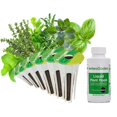 thumbnail image 1 of Kit de cápsulas para semillas AeroGarden, variedad de hierbas italianas, 6 cápsulas, 1 of 3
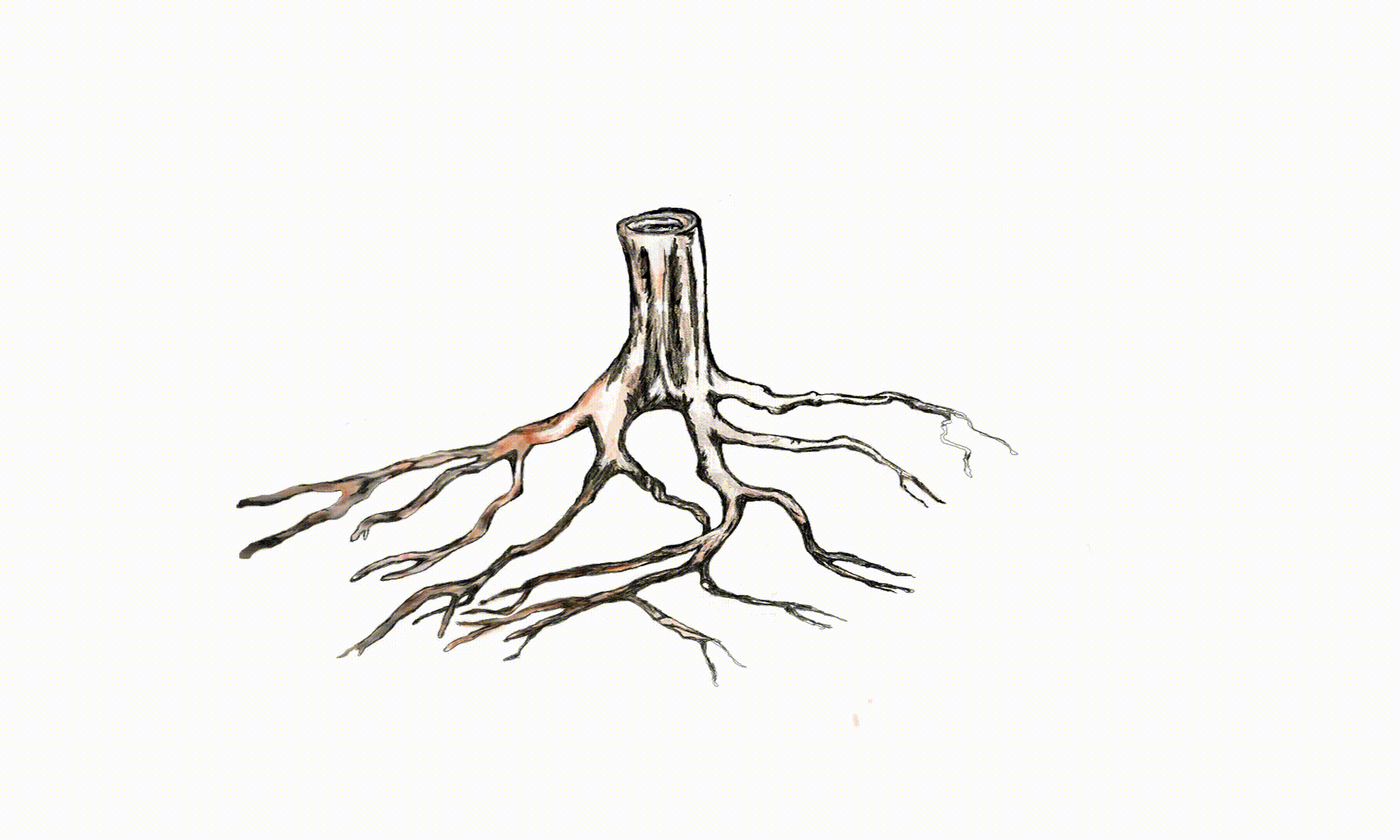 the-stump-spirt.gif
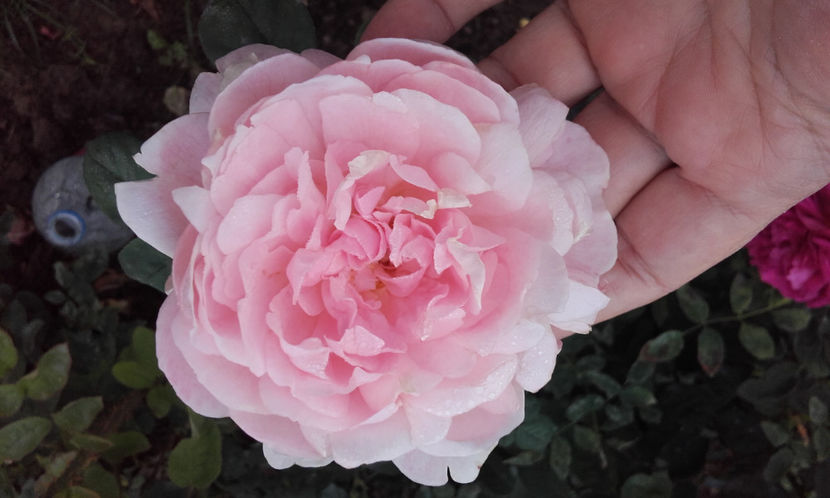  - QUEEN OF SWEEDEN David Austin 3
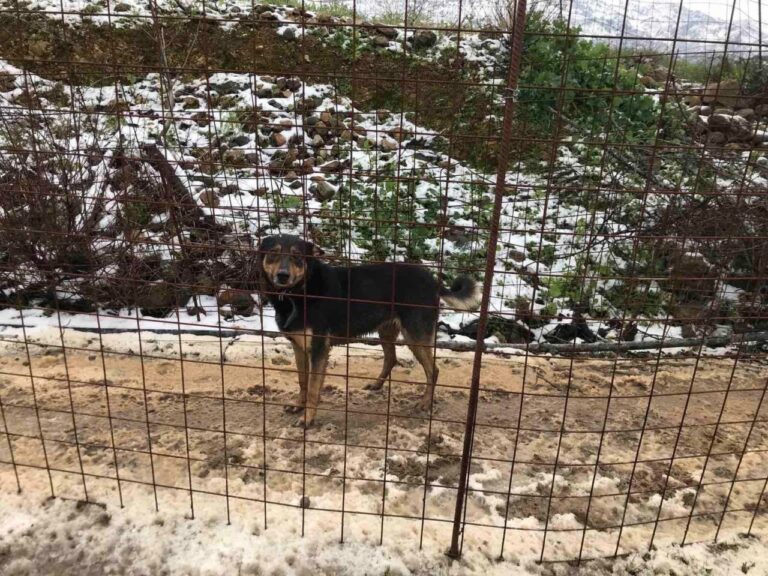 Χανιά: Απεγκλώβισαν δεσποζόμενο σκύλο στα Κεραμειά - Ζούσε σε άθλιες συνθήκες στο χιόνι (φωτο)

→ **ASSIGNED TASK**
Starting with the line that contains "the-stump-spirt.gif", print every line through the end of the data exactly as written; omit all pictures and add nothing else.

→ **SOLUTION TO THE PROBLEM**
 the-stump-spirt.gif
  - QUEEN OF SWEEDEN David Austin 3
 Χανιά: Απεγκλώβισαν δεσποζόμενο σκύλο στα Κεραμειά - Ζούσε σε άθλιες συνθήκες στο χιόνι (φωτο)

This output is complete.